◆ **About this task**
Output the records exactly, and drop each picture.

··· Given records

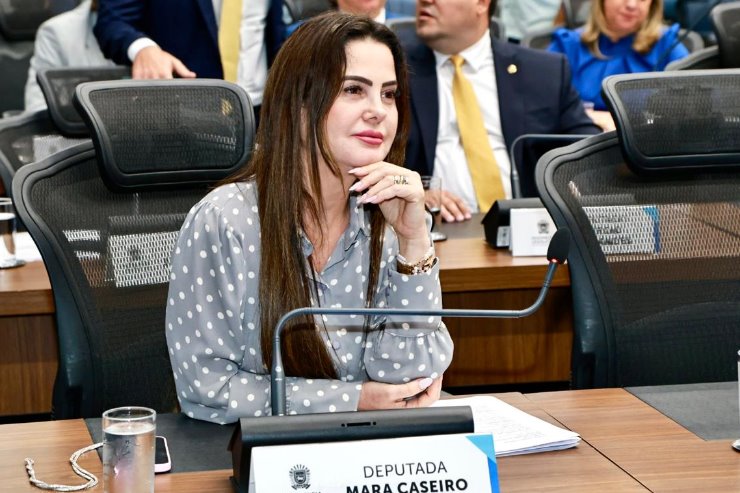 Mara Caseiro solicita ampliação do Centro de Educação Infantil em Aparecida do Taboado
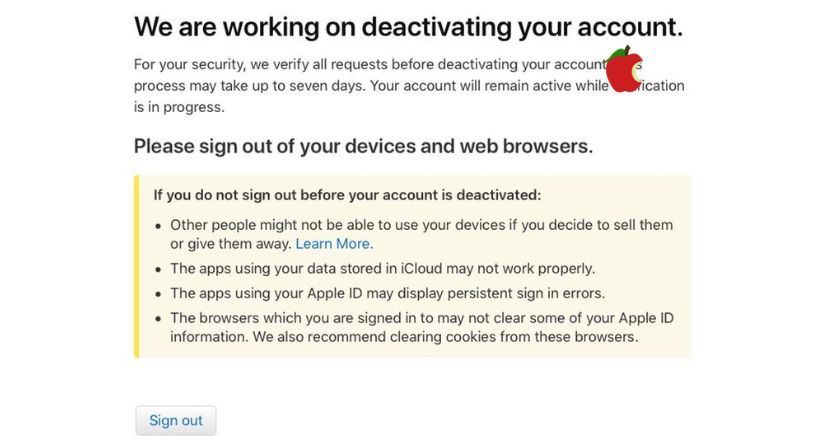 How to Deactivate or Delete Your Apple ID , Account and Data-20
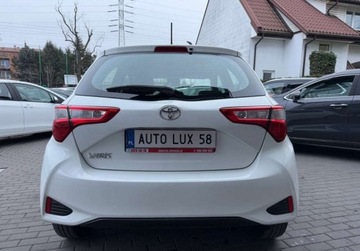 Toyota Yaris III Hatchback 5d Facelifting 2017 1.0 VVT-i 72KM 2020 Toyota Yaris z Instalacja Gazowa, salon Polska, FV-VAT 23 BenzynaLPG, zdjęcie 15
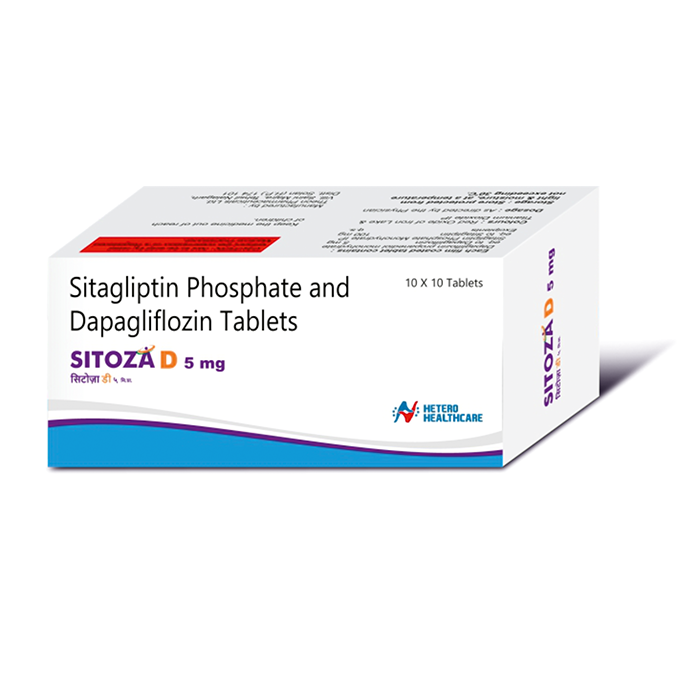 SITOZA D 5MG TABLETS
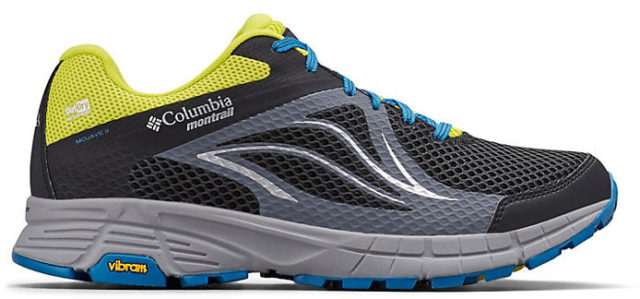 Columbia Montrail Trail Running Shoe 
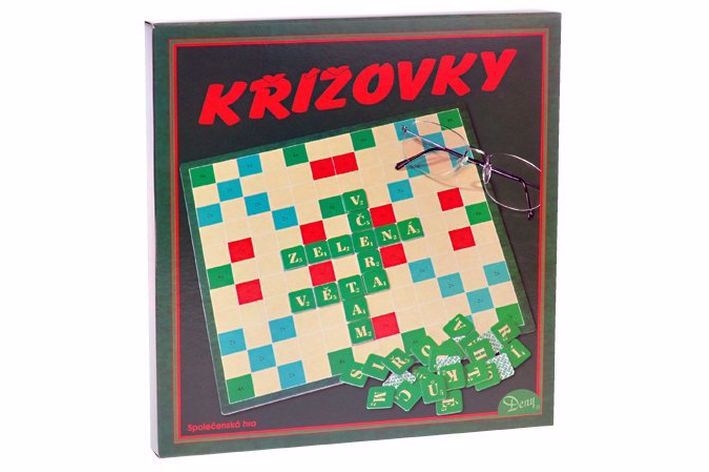 Společenská hra Křížovky 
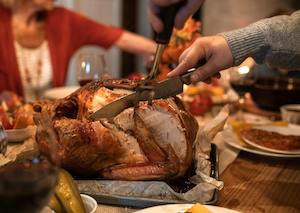 El pavo, un plato muy navideño, pero… ¿sabemos cómo trincharlo?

······

◆ **Response**
 Mara Caseiro solicita ampliação do Centro de Educação Infantil em Aparecida do Taboado
 How to Deactivate or Delete Your Apple ID , Account and Data-20
 Toyota Yaris III Hatchback 5d Facelifting 2017 1.0 VVT-i 72KM 2020 Toyota Yaris z Instalacja Gazowa, salon Polska, FV-VAT 23 BenzynaLPG, zdjęcie 15
 SITOZA D 5MG TABLETS
 Columbia Montrail Trail Running Shoe 
 Společenská hra Křížovky 
 El pavo, un plato muy navideño, pero… ¿sabemos cómo trincharlo?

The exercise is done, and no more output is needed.